#### [WHAT THE TASK ASKS]
Return exactly the lines below, starting with the one that has "Isaac's Home photo 2" and going on through the one that has "Andis Recon Clipper".

#### [RECORD SET]
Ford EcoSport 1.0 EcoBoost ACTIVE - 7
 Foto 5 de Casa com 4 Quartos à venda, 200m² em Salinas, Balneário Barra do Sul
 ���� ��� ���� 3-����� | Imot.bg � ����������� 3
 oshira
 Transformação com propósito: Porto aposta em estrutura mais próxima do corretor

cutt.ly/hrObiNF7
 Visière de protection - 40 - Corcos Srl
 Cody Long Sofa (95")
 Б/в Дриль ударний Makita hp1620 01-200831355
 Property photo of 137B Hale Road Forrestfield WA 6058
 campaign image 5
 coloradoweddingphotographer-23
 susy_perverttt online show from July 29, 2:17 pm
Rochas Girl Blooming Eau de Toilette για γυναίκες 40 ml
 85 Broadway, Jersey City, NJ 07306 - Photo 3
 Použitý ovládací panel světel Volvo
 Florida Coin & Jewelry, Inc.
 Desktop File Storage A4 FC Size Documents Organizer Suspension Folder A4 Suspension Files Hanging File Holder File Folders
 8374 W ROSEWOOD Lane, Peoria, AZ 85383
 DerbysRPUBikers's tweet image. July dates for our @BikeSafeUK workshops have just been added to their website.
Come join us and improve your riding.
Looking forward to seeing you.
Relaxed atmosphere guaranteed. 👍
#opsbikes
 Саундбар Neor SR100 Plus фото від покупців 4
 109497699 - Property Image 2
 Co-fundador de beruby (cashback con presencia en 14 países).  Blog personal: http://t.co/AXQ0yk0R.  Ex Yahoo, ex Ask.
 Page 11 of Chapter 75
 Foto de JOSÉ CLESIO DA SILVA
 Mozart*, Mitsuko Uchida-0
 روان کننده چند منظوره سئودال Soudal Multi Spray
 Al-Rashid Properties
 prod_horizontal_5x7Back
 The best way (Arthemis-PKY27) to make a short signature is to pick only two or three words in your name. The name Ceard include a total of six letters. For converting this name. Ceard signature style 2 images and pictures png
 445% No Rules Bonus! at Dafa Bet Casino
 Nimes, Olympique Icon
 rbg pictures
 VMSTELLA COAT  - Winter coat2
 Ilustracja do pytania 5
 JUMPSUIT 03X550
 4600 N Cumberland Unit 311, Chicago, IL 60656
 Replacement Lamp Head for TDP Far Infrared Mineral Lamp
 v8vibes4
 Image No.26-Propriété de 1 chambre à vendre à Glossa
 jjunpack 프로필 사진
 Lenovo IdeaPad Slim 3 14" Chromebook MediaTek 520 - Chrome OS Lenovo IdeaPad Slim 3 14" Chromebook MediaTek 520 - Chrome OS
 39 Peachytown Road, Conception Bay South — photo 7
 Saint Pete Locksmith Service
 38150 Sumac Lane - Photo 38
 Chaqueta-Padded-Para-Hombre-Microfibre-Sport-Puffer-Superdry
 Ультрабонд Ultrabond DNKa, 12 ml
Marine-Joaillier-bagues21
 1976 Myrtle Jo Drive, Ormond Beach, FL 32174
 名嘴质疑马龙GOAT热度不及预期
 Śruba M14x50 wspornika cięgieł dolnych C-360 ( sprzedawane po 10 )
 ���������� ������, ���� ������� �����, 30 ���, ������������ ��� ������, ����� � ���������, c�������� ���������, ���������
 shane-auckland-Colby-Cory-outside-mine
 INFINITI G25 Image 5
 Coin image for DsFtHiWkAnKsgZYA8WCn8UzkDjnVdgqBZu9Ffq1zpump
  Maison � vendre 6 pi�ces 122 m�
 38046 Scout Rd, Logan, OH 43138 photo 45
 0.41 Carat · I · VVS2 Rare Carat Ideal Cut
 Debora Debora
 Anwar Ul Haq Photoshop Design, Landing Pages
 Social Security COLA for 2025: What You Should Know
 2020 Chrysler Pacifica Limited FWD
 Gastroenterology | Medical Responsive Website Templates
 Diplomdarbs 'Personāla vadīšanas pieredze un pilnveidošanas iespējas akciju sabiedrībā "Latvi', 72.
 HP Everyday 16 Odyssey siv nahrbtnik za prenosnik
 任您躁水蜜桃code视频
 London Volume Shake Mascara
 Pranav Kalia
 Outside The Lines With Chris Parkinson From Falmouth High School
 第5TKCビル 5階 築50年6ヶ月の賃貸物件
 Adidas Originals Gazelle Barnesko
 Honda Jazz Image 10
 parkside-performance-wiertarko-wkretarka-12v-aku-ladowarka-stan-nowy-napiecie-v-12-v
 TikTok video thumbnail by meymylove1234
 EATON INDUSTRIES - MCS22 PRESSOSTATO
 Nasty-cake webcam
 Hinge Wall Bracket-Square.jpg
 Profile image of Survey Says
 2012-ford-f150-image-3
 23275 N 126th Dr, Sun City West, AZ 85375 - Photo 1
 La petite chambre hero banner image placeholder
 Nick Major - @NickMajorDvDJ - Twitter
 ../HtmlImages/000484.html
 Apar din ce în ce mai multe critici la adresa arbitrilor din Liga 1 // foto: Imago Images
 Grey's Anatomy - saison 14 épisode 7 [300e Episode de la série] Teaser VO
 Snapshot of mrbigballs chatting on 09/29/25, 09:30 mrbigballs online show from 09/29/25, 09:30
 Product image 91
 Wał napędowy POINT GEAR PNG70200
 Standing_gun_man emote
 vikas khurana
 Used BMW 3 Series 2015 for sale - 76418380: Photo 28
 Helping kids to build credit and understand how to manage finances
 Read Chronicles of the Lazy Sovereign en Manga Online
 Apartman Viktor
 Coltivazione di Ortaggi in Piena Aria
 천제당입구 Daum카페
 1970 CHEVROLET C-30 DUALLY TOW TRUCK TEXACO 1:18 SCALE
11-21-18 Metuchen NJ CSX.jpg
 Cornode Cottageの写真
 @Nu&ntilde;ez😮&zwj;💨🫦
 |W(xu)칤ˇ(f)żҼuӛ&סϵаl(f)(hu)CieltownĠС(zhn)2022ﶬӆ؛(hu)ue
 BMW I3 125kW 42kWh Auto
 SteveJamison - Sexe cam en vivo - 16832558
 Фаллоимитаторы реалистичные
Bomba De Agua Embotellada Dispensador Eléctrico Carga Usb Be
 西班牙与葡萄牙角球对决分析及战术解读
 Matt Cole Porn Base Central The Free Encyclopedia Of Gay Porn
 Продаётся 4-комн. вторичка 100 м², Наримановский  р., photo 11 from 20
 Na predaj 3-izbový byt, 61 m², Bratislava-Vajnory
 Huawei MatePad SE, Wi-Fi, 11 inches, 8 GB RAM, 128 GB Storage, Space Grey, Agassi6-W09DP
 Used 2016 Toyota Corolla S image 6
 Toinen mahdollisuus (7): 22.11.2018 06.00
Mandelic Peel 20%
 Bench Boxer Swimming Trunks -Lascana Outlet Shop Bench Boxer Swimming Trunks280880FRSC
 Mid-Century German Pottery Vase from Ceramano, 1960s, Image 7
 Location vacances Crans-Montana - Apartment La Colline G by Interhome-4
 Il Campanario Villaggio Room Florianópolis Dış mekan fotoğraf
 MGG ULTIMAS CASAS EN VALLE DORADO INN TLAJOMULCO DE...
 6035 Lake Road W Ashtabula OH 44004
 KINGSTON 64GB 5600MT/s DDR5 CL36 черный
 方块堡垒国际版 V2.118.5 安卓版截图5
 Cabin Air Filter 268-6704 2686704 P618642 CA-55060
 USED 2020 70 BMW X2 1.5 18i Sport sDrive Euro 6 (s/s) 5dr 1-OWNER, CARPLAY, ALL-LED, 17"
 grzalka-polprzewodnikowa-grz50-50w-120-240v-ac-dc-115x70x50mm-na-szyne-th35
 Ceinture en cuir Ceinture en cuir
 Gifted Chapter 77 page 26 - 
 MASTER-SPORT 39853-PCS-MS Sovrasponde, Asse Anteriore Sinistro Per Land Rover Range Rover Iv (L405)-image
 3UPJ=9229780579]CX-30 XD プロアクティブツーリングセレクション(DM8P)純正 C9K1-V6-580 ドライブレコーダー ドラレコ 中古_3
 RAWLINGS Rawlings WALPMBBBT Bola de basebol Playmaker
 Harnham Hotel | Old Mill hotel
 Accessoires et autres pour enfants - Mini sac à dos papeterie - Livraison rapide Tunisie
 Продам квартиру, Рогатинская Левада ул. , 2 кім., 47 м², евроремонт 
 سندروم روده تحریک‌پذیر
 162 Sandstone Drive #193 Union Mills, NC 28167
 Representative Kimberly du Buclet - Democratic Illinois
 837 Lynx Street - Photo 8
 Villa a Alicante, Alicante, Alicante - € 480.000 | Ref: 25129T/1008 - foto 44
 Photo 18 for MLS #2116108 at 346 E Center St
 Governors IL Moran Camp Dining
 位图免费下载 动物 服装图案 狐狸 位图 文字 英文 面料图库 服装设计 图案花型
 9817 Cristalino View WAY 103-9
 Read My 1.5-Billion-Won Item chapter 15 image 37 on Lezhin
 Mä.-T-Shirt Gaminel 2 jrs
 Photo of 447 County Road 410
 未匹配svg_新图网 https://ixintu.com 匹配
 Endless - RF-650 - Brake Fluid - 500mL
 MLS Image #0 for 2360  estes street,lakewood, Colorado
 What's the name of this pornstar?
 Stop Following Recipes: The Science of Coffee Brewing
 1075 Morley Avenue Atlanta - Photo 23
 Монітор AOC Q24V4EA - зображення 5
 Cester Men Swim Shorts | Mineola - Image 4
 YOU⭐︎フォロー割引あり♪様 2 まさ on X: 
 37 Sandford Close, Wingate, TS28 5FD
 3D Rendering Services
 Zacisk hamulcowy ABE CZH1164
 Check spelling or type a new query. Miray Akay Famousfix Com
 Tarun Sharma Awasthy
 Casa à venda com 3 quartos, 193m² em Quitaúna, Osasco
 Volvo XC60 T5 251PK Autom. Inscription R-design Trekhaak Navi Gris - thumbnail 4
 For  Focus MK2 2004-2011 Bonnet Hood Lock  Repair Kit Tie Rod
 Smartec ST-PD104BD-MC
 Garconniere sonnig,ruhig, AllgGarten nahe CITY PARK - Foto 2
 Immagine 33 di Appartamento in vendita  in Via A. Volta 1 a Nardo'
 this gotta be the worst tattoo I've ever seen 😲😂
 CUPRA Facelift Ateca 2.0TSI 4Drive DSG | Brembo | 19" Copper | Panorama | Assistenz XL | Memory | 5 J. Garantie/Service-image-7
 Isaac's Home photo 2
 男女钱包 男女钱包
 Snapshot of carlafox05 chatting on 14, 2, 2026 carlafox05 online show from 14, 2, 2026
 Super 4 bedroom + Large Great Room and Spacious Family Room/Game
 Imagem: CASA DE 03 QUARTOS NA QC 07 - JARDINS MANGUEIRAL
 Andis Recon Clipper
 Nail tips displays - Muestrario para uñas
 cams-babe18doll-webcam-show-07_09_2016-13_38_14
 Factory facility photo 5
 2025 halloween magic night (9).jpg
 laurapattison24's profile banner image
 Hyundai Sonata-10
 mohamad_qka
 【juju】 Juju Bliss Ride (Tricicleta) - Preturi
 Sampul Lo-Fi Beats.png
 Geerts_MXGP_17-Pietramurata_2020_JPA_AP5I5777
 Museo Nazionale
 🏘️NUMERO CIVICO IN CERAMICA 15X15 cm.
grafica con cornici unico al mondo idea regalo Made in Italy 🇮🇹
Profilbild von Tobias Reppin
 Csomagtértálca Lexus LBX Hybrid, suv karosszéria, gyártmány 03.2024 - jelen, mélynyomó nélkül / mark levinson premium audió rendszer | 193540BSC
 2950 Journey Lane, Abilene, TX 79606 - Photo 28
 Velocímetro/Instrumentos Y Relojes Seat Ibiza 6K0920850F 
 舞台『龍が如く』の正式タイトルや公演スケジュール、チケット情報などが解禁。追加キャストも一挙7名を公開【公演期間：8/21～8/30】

#### [RESPONSE TO THE TASK]
 Isaac's Home photo 2
 男女钱包 男女钱包
 Snapshot of carlafox05 chatting on 14, 2, 2026 carlafox05 online show from 14, 2, 2026
 Super 4 bedroom + Large Great Room and Spacious Family Room/Game
 Imagem: CASA DE 03 QUARTOS NA QC 07 - JARDINS MANGUEIRAL
 Andis Recon Clipper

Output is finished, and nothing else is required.